• Task item:
Pictures excluded, copy all of the data below exactly.

• Supplied information:
►

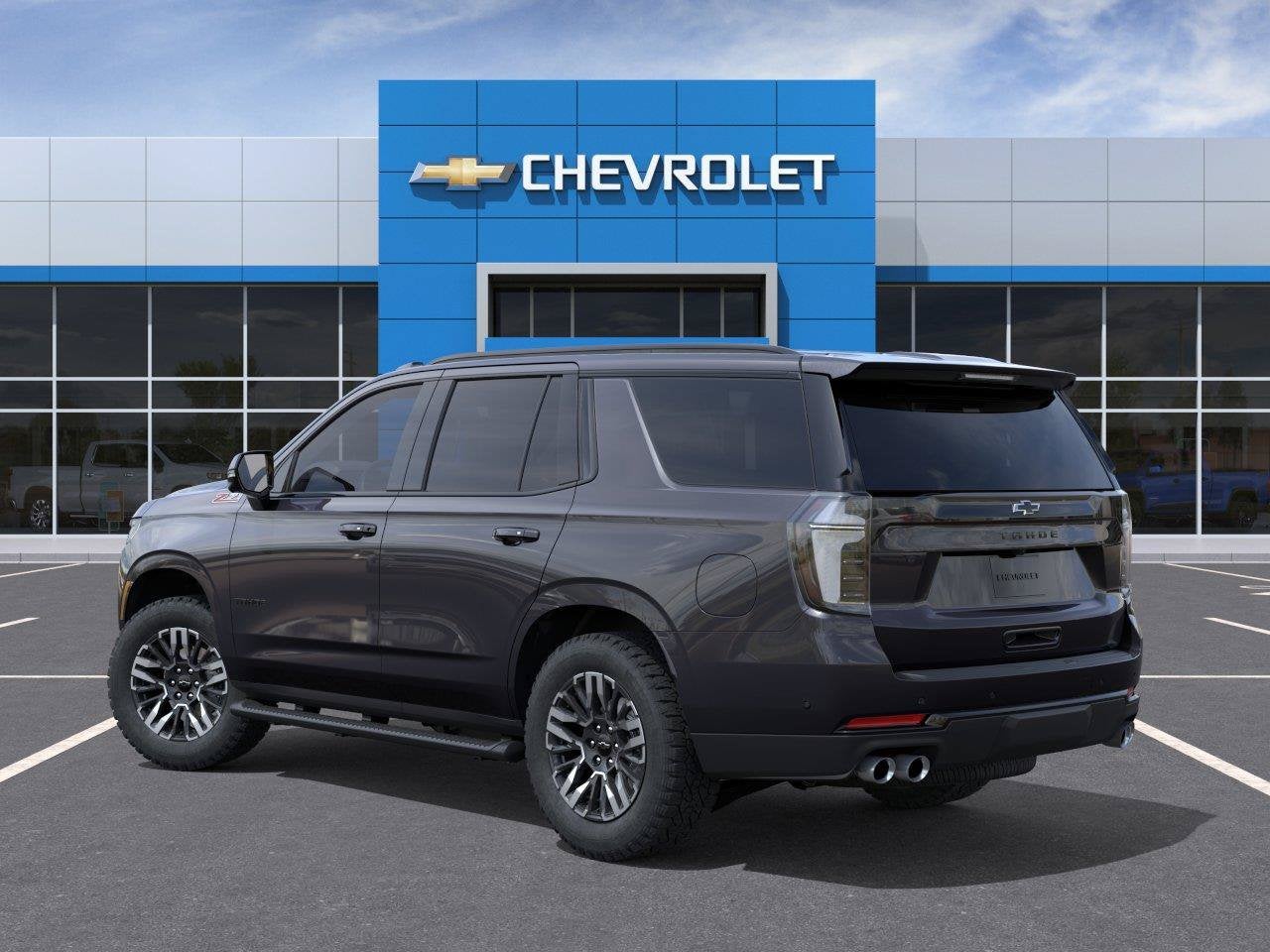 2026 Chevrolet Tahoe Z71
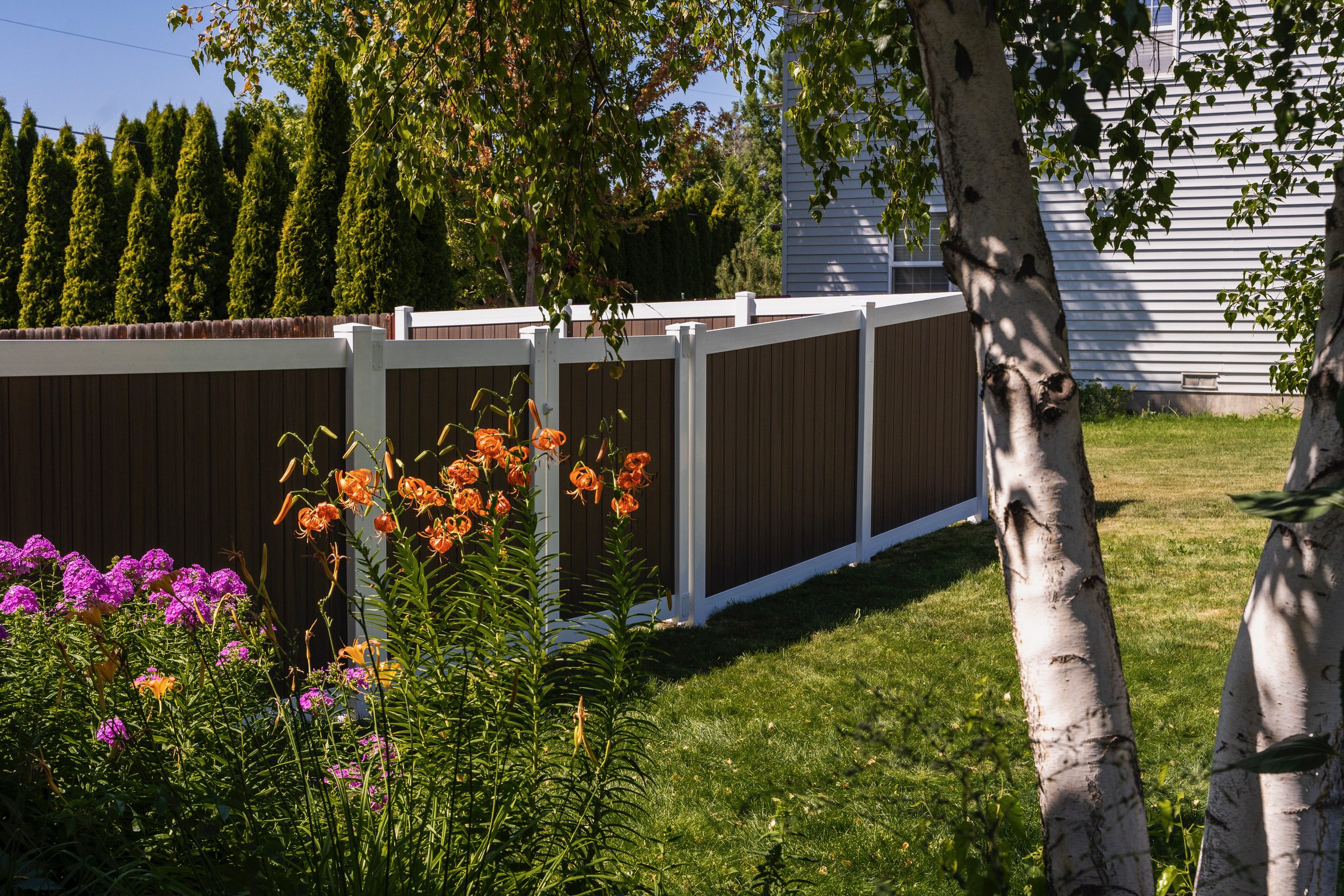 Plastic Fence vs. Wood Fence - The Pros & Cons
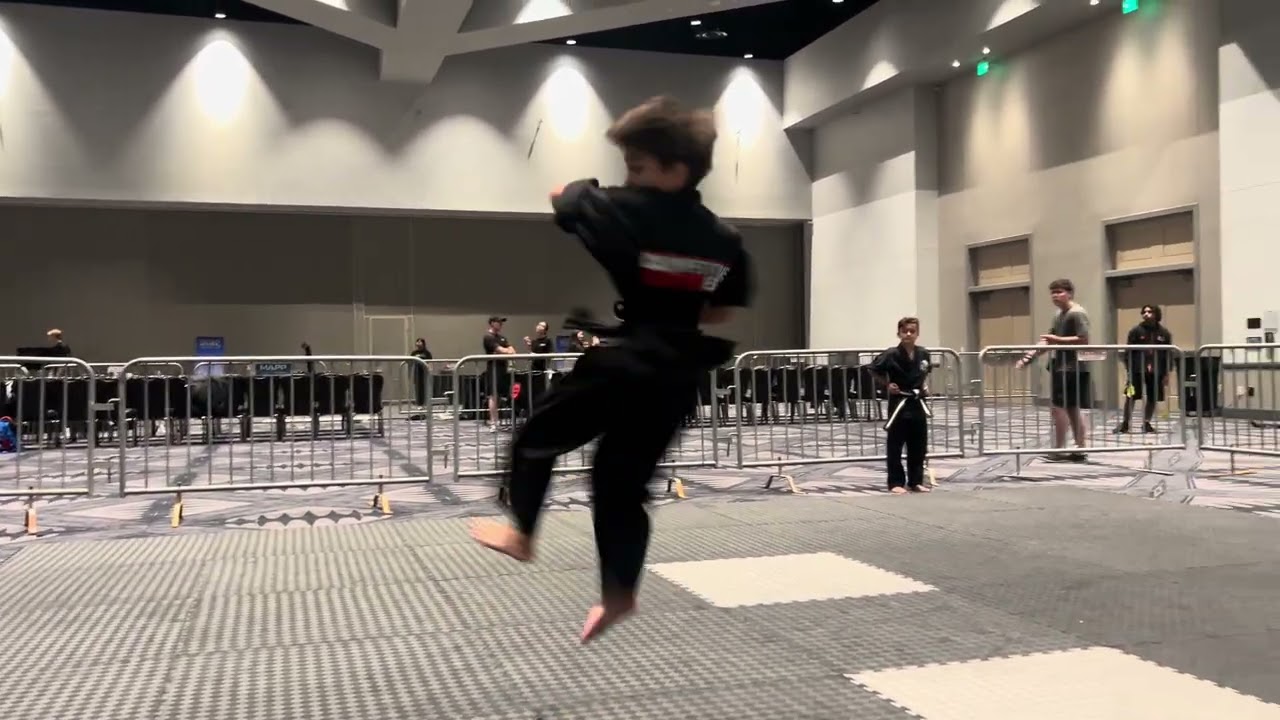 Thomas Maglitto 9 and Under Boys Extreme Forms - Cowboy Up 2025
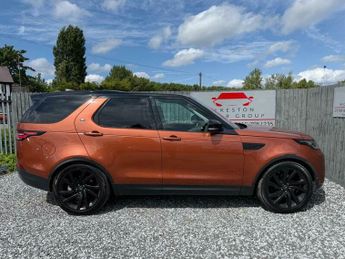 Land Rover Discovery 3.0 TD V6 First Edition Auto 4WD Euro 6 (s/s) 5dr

◄

• Output of the task:
 2026 Chevrolet Tahoe Z71
 Plastic Fence vs. Wood Fence - The Pros & Cons
 Thomas Maglitto 9 and Under Boys Extreme Forms - Cowboy Up 2025
 Land Rover Discovery 3.0 TD V6 First Edition Auto 4WD Euro 6 (s/s) 5dr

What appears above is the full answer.